< Hosea 5 >
1 Hoort dit, gij priesters! en merkt op, gij huis Israels! en neemt ter oren, gij huis des konings! want ulieden gaat dit oordeel aan, omdat gij een strik zijt geworden te Mizpa, en een uitgespannen net op Thabor.
Hør dette, I prester, og gi akt, du Israels hus, og du kongehus, vend øret til! For eder gjelder dommen; for en snare har I vært på Mispa og et utspent nett på Tabor.
2 En die afwijken, verdiepen zich om te slachten; maar Ik zal hun allen een tuchtmeester zijn.
De er falt dypt i en mangfoldighet av forvillelser; men jeg skal tukte dem alle.

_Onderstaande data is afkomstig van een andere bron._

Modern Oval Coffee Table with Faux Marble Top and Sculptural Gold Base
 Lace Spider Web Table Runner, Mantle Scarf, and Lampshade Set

3 Ik ken Efraim, en Israel is voor Mij niet verborgen; dat gij, o Efraim! nu hoereert, en Israel verontreinigd is.
Jeg kjenner Efra'im, og Israel er ikke skjult for mig; for nu har du drevet utukt, Efra'im! Israel er blitt urent.
4 Zij stellen hun handelingen niet aan, om zich tot hun God te bekeren; want de geest der hoererijen is in het midden van hen, en den HEERE kennen zij niet.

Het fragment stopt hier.